Required work>
Look through the data below for the line with "Hangulatos sárga paracord karkötő", and transcribe it exactly together with each line after it up to and including the line with "Lot 126 - Fuji". Give nothing else.
[Data extract — start]
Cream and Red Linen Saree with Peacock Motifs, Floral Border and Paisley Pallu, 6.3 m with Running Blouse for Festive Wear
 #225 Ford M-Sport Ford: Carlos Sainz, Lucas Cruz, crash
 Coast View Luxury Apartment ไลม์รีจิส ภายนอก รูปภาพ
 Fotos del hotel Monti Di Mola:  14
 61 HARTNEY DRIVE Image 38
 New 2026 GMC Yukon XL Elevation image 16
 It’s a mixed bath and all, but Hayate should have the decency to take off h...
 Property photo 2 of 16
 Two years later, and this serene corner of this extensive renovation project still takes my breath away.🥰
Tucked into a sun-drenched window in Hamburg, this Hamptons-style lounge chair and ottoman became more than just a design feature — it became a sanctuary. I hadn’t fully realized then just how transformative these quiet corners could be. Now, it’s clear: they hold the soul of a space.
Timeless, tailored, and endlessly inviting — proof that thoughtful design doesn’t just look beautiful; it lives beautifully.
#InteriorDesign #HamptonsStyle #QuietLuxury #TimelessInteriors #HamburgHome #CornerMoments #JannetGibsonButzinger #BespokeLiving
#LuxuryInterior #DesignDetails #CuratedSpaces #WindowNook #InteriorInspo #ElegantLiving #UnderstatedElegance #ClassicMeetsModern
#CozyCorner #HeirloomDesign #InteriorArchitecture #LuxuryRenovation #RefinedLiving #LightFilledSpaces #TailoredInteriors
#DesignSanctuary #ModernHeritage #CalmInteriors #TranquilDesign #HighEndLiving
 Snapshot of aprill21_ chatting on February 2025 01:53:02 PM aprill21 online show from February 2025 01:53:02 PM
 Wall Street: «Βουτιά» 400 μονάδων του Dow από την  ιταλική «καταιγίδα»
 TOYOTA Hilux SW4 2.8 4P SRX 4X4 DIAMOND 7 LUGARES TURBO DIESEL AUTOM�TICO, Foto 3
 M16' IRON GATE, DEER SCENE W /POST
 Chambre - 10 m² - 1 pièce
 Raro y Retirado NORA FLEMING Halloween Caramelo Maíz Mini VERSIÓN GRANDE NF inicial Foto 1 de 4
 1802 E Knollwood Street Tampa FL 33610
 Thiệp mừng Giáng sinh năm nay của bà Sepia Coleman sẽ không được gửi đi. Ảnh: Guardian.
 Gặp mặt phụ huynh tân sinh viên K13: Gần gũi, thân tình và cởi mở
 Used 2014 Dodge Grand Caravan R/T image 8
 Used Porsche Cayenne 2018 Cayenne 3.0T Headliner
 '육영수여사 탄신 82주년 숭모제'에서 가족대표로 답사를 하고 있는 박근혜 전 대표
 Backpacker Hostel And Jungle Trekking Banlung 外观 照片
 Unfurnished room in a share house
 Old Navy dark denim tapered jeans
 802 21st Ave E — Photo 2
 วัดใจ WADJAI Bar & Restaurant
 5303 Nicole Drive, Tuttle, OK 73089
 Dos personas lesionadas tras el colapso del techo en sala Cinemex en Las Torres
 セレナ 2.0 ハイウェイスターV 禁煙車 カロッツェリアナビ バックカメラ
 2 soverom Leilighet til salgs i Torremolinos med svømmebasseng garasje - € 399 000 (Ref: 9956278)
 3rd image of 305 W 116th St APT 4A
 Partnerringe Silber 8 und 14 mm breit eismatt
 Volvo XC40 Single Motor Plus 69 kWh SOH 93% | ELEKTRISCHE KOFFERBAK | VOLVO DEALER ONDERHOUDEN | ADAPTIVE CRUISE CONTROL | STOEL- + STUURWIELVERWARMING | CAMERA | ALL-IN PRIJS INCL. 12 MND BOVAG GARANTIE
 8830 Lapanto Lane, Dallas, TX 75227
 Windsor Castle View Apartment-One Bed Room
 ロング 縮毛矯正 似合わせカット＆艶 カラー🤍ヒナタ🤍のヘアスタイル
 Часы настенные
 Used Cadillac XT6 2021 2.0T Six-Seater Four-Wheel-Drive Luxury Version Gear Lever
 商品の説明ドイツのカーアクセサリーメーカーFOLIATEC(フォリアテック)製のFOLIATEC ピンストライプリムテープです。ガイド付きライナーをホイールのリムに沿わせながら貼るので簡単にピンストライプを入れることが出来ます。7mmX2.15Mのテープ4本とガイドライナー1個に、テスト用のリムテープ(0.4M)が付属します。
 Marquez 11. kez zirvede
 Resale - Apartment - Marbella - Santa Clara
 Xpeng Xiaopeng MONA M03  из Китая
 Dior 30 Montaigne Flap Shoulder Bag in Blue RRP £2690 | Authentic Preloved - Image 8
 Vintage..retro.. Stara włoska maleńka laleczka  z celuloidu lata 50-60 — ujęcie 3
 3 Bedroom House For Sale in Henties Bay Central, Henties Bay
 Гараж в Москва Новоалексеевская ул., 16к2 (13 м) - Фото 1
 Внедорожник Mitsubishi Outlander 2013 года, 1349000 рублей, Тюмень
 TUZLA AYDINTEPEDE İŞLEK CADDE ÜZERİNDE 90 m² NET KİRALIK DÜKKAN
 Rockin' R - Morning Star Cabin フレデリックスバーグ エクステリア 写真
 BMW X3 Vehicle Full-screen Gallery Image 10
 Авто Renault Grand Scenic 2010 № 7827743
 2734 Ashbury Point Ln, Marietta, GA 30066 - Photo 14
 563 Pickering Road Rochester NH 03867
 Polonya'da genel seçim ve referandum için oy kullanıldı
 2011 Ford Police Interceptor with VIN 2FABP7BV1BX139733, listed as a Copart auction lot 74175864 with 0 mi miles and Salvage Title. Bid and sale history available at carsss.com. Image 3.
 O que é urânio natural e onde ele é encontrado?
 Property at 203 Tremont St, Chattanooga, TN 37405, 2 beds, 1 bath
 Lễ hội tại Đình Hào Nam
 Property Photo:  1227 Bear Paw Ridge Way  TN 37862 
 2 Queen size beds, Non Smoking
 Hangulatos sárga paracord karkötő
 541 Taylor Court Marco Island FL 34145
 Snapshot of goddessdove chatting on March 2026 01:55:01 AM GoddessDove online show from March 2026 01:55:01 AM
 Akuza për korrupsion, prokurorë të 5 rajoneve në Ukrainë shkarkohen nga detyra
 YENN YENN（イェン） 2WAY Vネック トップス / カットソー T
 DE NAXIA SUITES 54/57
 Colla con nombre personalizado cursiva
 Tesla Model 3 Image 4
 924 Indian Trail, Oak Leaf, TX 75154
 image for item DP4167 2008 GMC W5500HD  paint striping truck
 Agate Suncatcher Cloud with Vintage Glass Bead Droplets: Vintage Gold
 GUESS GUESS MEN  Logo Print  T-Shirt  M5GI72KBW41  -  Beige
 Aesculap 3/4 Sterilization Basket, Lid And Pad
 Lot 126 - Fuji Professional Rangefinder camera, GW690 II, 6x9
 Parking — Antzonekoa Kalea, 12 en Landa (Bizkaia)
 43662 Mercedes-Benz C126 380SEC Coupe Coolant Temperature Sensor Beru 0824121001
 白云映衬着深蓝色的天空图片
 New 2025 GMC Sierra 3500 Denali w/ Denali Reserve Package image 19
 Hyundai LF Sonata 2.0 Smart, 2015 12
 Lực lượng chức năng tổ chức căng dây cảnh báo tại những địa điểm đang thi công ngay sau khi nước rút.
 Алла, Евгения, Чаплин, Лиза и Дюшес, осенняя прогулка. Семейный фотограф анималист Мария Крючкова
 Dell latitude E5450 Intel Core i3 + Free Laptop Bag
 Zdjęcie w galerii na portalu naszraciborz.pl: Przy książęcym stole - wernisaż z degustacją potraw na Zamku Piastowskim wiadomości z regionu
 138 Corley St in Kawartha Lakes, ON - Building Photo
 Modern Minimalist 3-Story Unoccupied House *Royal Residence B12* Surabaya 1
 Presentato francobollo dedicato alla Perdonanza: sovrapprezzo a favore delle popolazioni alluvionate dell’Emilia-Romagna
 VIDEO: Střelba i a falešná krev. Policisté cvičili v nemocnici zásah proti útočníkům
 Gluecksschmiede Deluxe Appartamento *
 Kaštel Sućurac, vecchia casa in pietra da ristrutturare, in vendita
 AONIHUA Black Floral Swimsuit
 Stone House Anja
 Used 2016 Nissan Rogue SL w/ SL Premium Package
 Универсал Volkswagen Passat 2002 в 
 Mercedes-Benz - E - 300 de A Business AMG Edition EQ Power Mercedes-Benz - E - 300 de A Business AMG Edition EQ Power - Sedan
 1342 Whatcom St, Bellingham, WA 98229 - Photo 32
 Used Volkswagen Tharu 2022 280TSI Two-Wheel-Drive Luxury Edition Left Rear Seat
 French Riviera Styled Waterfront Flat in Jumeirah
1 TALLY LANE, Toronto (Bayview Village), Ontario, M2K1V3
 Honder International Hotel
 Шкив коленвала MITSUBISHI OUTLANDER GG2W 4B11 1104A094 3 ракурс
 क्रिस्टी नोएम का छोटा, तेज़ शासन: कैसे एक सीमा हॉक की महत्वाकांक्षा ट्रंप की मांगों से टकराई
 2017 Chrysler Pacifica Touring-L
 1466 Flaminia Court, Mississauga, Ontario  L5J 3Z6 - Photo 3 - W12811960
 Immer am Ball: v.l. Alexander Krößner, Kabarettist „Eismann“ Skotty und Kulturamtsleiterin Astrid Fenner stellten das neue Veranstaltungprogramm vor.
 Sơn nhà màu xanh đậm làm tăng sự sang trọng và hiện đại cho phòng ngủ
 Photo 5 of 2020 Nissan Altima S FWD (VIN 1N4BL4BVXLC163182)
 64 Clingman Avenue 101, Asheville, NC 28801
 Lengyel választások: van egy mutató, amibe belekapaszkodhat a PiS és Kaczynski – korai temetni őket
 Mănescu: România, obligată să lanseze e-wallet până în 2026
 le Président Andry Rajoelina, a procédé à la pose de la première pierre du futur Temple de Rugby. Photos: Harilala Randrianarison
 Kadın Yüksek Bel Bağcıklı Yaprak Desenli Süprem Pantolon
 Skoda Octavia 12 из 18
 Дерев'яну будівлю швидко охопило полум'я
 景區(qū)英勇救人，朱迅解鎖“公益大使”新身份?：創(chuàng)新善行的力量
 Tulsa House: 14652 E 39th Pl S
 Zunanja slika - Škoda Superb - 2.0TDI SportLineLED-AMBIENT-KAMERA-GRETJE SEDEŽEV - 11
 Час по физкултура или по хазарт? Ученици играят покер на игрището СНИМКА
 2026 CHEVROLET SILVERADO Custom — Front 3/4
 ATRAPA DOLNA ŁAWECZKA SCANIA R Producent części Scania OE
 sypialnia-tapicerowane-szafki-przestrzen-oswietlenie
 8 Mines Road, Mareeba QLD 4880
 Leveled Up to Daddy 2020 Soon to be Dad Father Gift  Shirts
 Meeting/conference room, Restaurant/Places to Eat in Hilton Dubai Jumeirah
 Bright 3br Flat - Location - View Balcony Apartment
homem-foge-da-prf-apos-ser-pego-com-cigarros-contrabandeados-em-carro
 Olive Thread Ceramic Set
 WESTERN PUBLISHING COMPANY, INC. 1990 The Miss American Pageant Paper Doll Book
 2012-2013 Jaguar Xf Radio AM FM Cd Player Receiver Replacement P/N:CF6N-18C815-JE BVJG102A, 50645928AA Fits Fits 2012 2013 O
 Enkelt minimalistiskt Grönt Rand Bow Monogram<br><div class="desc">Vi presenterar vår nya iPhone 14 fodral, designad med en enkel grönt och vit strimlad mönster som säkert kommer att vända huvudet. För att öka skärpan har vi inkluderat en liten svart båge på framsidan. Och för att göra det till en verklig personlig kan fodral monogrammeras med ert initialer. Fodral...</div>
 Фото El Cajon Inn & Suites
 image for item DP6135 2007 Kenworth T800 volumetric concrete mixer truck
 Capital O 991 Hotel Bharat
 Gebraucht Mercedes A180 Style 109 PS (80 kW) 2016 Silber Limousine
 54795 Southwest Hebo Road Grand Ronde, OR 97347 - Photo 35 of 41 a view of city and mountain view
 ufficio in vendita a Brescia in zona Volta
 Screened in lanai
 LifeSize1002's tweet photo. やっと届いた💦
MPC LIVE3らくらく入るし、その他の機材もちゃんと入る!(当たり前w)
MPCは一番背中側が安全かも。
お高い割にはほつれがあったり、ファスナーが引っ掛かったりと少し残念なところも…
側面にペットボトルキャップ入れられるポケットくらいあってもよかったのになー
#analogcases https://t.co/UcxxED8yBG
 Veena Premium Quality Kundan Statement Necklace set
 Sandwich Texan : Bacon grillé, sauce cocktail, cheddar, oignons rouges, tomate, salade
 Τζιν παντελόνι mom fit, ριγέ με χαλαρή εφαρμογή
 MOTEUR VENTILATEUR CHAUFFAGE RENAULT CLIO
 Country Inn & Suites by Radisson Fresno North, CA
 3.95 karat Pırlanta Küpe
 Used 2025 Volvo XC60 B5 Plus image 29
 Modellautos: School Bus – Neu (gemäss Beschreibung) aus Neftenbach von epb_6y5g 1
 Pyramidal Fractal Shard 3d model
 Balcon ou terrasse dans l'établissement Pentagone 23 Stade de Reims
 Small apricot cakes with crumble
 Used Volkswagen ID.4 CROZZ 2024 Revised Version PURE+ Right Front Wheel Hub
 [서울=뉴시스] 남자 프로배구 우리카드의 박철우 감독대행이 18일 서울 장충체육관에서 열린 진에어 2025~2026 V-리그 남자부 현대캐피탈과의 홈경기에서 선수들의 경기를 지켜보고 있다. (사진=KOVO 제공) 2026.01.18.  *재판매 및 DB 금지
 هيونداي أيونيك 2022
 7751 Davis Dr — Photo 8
[Data extract — finish]
Result for this task>
 Hangulatos sárga paracord karkötő
 541 Taylor Court Marco Island FL 34145
 Snapshot of goddessdove chatting on March 2026 01:55:01 AM GoddessDove online show from March 2026 01:55:01 AM
 Akuza për korrupsion, prokurorë të 5 rajoneve në Ukrainë shkarkohen nga detyra
 YENN YENN（イェン） 2WAY Vネック トップス / カットソー T
 DE NAXIA SUITES 54/57
 Colla con nombre personalizado cursiva
 Tesla Model 3 Image 4
 924 Indian Trail, Oak Leaf, TX 75154
 image for item DP4167 2008 GMC W5500HD  paint striping truck
 Agate Suncatcher Cloud with Vintage Glass Bead Droplets: Vintage Gold
 GUESS GUESS MEN  Logo Print  T-Shirt  M5GI72KBW41  -  Beige
 Aesculap 3/4 Sterilization Basket, Lid And Pad
 Lot 126 - Fuji Professional Rangefinder camera, GW690 II, 6x9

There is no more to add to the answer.